An Iraqi who was detained overnight at a New York City airport because of Trump's ban on refugees from certain Muslim nations has called America "the land of freedom" after being released from custody.
Hameed Khalid Darweesh worked as an interpreter for the U.S. Army when it invaded Iraq in 2003. Later, he was a contract engineer for the U.S. He was granted permission to relocate to the U.S., but was detained along with another traveler from Iraq after arriving at Kennedy Airport Friday night.
Lawyers petitioned a federal court early Saturday to let them go. Two Democratic U.S. Representatives, Nydia Velazquez and Jerrold Nalder, were at the airport trying to get 11 other detainees released.
After he was freed Saturday, Darweesh told a waiting crowd that "America is the greatest nation, the greatest people in the world."

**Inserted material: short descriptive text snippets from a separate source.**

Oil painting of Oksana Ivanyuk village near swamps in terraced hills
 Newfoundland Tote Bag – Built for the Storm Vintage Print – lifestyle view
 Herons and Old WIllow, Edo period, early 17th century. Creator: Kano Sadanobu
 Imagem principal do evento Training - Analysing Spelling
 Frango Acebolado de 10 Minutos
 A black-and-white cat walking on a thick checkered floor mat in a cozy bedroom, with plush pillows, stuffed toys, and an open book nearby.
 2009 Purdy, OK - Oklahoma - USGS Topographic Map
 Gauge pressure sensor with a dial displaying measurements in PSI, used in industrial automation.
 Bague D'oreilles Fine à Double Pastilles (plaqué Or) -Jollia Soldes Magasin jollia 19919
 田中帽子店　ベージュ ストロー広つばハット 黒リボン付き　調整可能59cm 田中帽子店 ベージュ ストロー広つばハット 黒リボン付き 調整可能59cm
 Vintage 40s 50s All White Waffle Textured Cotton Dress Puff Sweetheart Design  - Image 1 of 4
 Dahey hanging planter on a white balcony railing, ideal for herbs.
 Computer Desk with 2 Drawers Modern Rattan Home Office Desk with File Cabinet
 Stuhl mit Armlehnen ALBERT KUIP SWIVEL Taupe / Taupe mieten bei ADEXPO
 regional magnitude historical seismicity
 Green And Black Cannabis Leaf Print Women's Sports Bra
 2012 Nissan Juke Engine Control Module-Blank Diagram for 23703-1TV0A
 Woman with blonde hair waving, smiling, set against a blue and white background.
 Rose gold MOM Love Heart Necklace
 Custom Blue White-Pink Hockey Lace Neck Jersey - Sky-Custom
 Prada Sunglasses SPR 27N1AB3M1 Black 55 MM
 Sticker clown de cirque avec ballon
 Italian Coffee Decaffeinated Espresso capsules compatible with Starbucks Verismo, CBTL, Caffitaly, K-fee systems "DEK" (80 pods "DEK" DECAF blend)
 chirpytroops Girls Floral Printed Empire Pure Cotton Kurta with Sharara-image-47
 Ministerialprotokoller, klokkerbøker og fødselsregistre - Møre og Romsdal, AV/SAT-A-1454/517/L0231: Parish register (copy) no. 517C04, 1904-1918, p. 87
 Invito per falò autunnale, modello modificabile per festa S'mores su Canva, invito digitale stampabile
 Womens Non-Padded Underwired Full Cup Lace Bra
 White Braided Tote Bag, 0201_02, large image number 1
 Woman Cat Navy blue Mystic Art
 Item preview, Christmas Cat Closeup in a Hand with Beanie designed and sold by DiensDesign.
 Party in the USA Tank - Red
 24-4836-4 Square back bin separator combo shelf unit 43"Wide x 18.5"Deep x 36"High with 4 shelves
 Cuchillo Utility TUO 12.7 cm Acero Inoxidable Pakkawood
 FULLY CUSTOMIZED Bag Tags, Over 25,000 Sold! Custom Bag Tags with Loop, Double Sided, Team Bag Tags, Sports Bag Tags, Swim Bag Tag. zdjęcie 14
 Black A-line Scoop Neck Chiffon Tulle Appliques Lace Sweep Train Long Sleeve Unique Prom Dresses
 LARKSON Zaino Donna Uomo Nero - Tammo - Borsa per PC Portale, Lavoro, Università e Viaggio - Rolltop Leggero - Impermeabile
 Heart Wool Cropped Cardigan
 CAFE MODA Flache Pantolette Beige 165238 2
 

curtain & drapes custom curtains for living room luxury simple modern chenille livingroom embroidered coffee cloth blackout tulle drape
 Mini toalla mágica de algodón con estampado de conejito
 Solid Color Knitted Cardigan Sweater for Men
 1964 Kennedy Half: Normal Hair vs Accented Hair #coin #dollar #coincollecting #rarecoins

The other man, Haider Sameer Abdulkhaleq Alshawi, was on his way to join his wife who'd worked as a U.S. contractor.
Also, Saturday, other travelers were turned back on arrival at U.S. airports or blocked from boarding flights to America. That reportedly happened to two families in Philadelphia.
Overseas, Iranian's state news agency reported the Islamic Republic will `retaliate' against order limiting immigration from Muslim-majority countries.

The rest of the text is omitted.